The new filing refers the appeals court to testimony from child psychiatrist Bruce Perry, who described an "unhealthy" belief that it's OK to have sex with and marry young women. "This pervasive practice and belief creates an environment that develops people who have a high potential of replicating sexual abuse of young children as a part of their belief system," the court document states.
"Part of the danger to the boys is that their belief system requires that they follow the prophet," it also stated.
The original petition, filed on behalf of 38 women by Texas RioGrande Legal Aid, also argued that an April 17-18 adversary hearing for the children was improperly held "en masse" instead of holding hearings for each individual child. But the agency says the actions of the parents forced the judge to hold the single hearing.

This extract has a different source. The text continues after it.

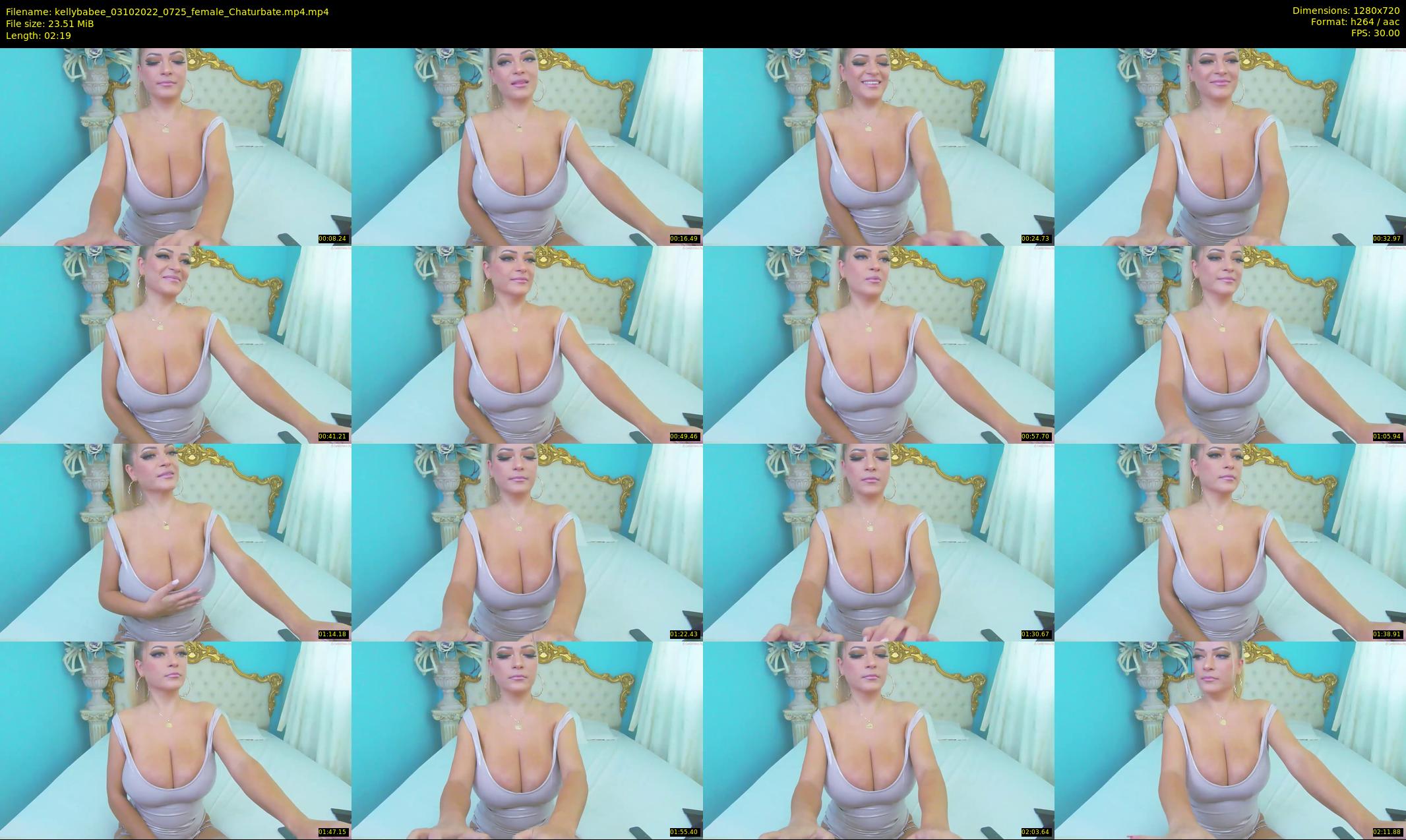 kellybabee — 3 minute Chaturbate female cam show recording, 720p, Oct 3, 2022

"It is the department's contention that (the mothers), by their conspiracy of silence, purposefully confused the identity of the children, which forced Judge Walther to conduct the proceedings as she did."

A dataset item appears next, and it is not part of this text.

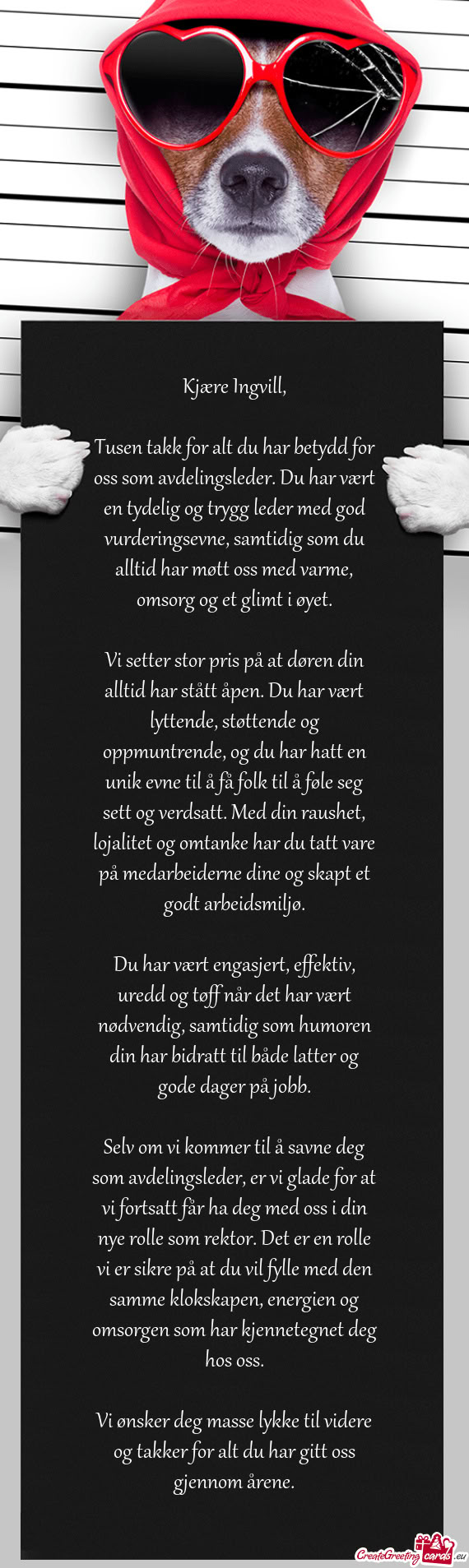 Kjære Ingvill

The new court papers claim the FLDS women have no legal standing to have the judge reverse her ruling because they have "repeatedly declined" to even identify their children and the fathers.
The document says neither the court nor the child welfare agency should "be forced to play guessing games when the safety and well-being of these children are at stake."
The agency argued in the court filing that all the mothers had an opportunity, through their attorneys, to confront and cross-examine the witnesses during the April 17-18 hearing. To hold individual hearings would have taken weeks or even months and would have been an "extraordinary waste of judicial resources."
In removing the children, attorneys for the mothers say the judge failed to consider less restrictive options such as ordering the men ("the alleged perpetrators of abuse") to leave the ranch or ordering mothers and their children to live elsewhere during the investigation.
The agency argues that if the state does not have physical custody of the children, what's to prevent the mothers from leaving the state with them? It also asks how the court could know for certain which child legally belongs to whom.
As "the largest child protection case documented in the history of the United States," DFPS or, CPS as it is commonly called, said the sheer numbers of FLDS children prevented them from pursuing other options it might have considered in a more typical case.
As for possible temporary restraining orders against men at the ranch, DCFS says that wasn't practical. "How could the department have identified the alleged perpetrator or perpetrators when the evidence demonstrated that the entire male and female population at the YFZ Ranch had been enculturated into the belief that underage marriage was sacrosanct?"
The Court of Appeals could rule on the issues in the petition or may hold a hearing to consider arguments.